Mastering Local Development for GraphQL Federation

A Step-by-Step Guide to Running and Enhancing Your Federated Graph for Rapid Development.

Overview

In development, you aim to test your schema changes as quickly as possible, bypassing the need to check and update your federated graph on the control plane. This approach does not replace the necessity of pushing your subgraph to the control plane in production; however, it serves as a more expedient method for iterating on your graph during the development phase.

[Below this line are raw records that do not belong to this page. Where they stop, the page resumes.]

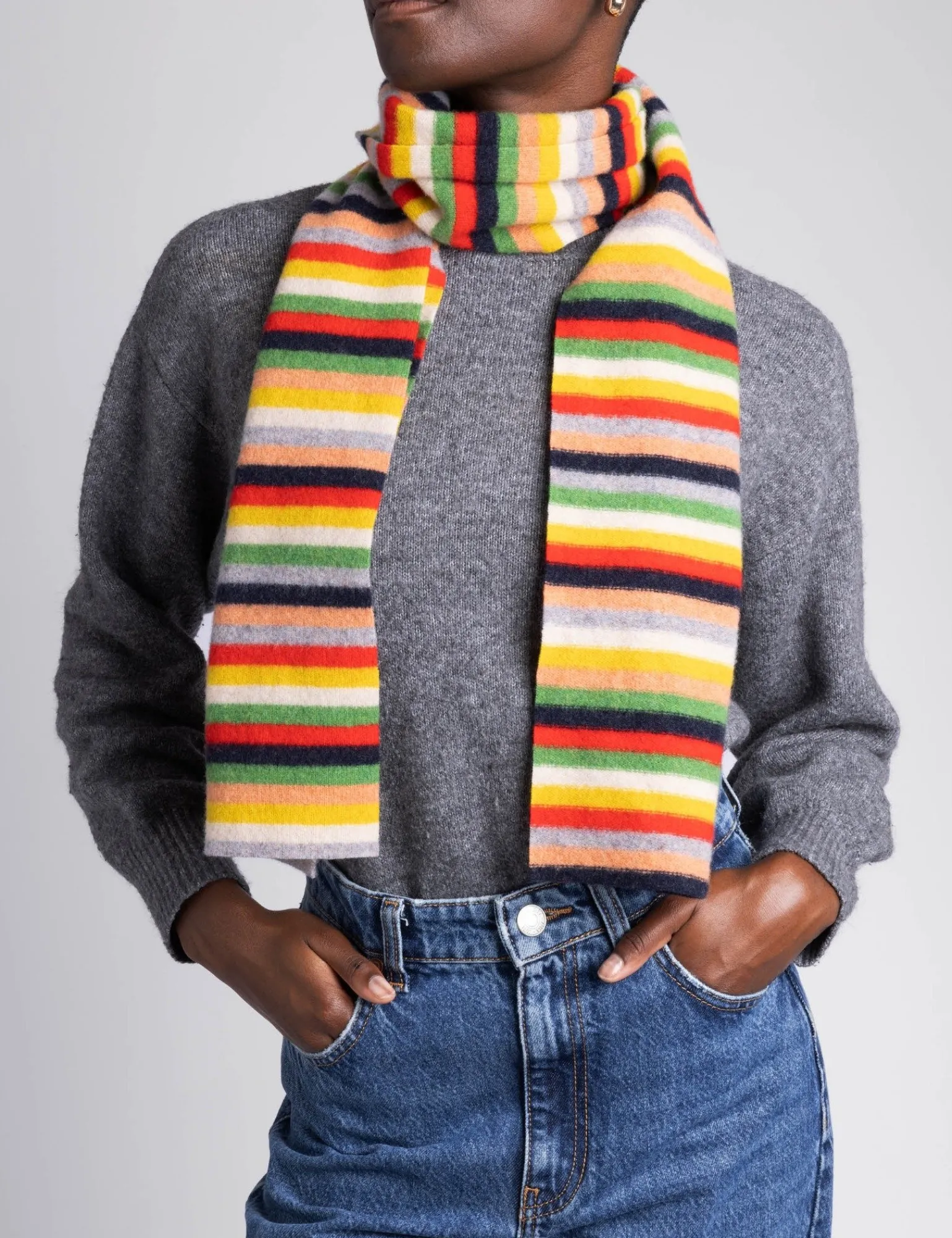 Penelope Chilvers Miro Wool Stripe Scarf Orange/Multi Hot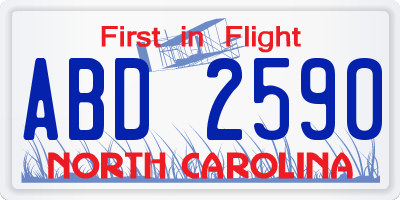 NC license plate ABD2590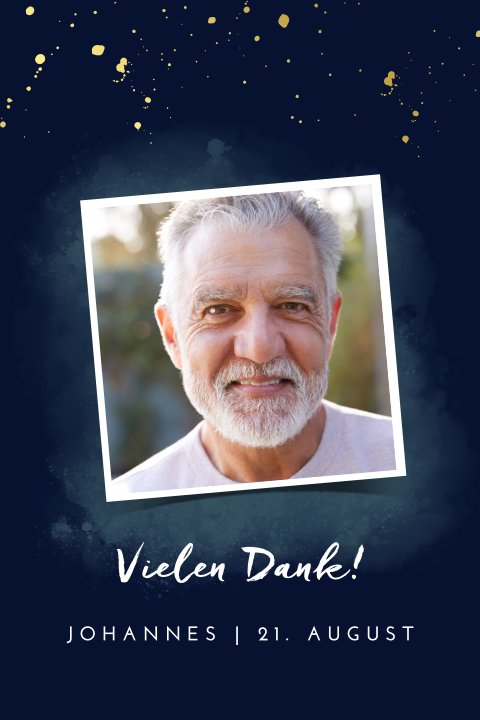 Dankeskarte zum 70. Geburtstag mit glänzendem Gold und Fotos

If you want to start your router in production with a static config please use the fetch command instead. This will fetch the latest valid production config from the control plane. wgc router compose should only be used for local development.

Prerequisites

  1. Install the latest wgc

  2. Download and extract the latest router here

Getting started

1. Add your subgraphs

In order to compose locally, we need to create a compose.yaml file that includes all the subgraphs you wish to include and compose into a federated graph. The information you are required to provide is as follows:

compose.yaml
version: 1
subgraphs:
  - name: subgraph-a
    routing_url: http://localhost:4001/graphql
    # a) Specify a schema to introspect by file OR
    schema:
      file: ../schemas/subgraph-a.graphqls
  - name: subgraph-b
    routing_url: http://localhost:4002/graphql
    # b) Specify introspection to introspect on a running subgraph
    introspection:
      url: http://localhost:4002/graphql
      headers:
        Authorization: 'Bearer YOUR_TOKEN_HERE'
PropertyDescriptionRequired

name

The unique name of the subgraph

true

routing_url

The unique url (endpoint) of the subgraph (typically ends with /graphql)

true

introspection.url

Required if you want to dynamically introspect a running subgraph server

false

introspection.headers

Headers to pass on the introspection request

false

schema.file

Path to the subgraph GraphQL schema

false

2. Generate the Router config

After you have configured everything, you can generate the static router config as follows:

wgc router compose -i compose.yaml -o router.json

This command introspects all your subgraphs and produces a router.json that can be passed to the router in the next step.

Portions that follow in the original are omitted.